Apr. 14, 2009 Researchers at the Joslin Diabetes Center have shown for the first time that insulin plays a key role in suppressing levels of glucagon, a hormone involved in carbohydrate metabolism and regulating blood glucose levels.
The study helps in the understanding of why those with diabetes have high blood glucose levels and could lead to development of a drug aimed at targeting glucagon levels.
"This is a very important finding because until now scientists have only speculated that insulin may be involved in keeping glucagon levels in check," said Rohit N. Kulkarni, M.D., Ph.D., Principal Investigator in the Joslin Section on Cellular and Molecular Physiology and senior author of the study published April 7 in the April issue of Cell Metabolism.
Produced by the alpha cells in the pancreas, glucagon acts on the liver to help raise blood glucose when it becomes low. It has the opposite effect on the liver as insulin, which is released from pancreatic beta cells to lower blood glucose when it is high. In a healthy individual, the two counter each other to keep blood glucose levels balanced. In individuals with long-standing type 1 or type 2 diabetes, inappropriate glucagon secretion can increase the chances of hypoglycemia (low blood glucose levels) and can interfere with insulin therapy.
The finding suggests that for people with either type 1 or type 2 diabetes, a therapeutic approach could be developed to target insulin receptors or proteins in alpha cells in order to suppress glucagon secretion.
In addition, the research may also help in the understanding of why patients with type 1 diabetes in particular, who are required to inject insulin on a regular basis, are at risk for hypoglycemia. It was thought that this increased risk was linked in some way to insulin receptors in the alpha cells, an idea that today's study suggests is in fact the case, Dr. Kulkarni explained.

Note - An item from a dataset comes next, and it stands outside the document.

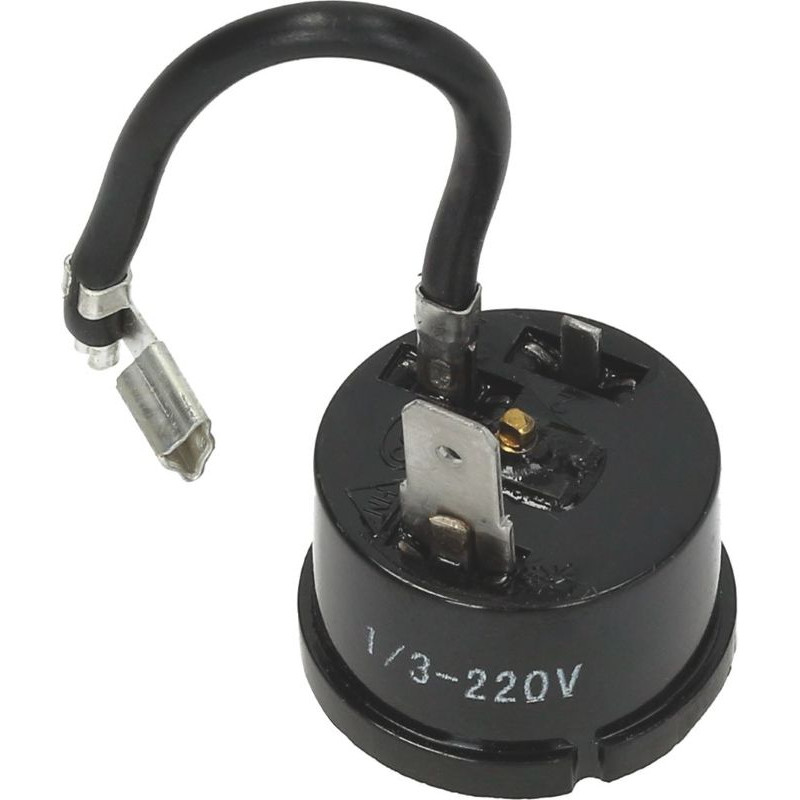 COMPRESSOR OVERLOAD 1/3 HP 220V 50/60HZ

"This gives us some insight into the cause of hypoglycemia, the most common complication in patients with type 1 diabetes," he said. "Injecting insulin leads to a decrease in blood glucose. If it starts to go too low, glucagon normally kicks in to prevent hypoglycemia. But, what happens in diabetes is the alpha cells become desensitized by repeated insulin injections over many years and they start to behave abnormally. We believe this is linked to insulin receptor function."
In the study, Dr. Kulkarni and his team created a genetically engineered mouse model in which pancreatic alpha cells – those that secrete glucagon – were modified so that they did not contain insulin receptors. The idea was to explore the role of insulin in regulating glucagon secretion.
The modified mice exhibited elevated glucagon levels and also showed impaired glucose tolerance, as is seen in diabetes.
"This is the first genetic model wherein we provide definitive proof that insulin is able to suppress glucagon in mammals," Dr. Kulkarni said. "The next step is to identify the specific proteins in alpha cells that could be targeted to suppress glucagon secretion."
The paper concludes that the findings indicate there is a significant role for insulin signaling in the regulation of alpha cell functioning in both normal and hypoglycemic conditions and provide direct genetic evidence for a key role for insulin receptors in the modulation of pancreatic alpha cell function.
The study was funded in part by the American Diabetes Association, the Swiss National Science Foundation, the National Institutes of Health and the European Union.
Also contributing to the research were Dan Kawamori, Amarnath J. Kurpad, Jiang Hu, Chong Wee Liew and Judy L. Shih, all of Joslin; Eric L. Ford and Kenneth S. Polonsky, both of Washington University School of Medicine; Pedro L. Herrera, University of Geneva Medical School; and Owen P. McGuinness, Vanderbilt University School of Medicine.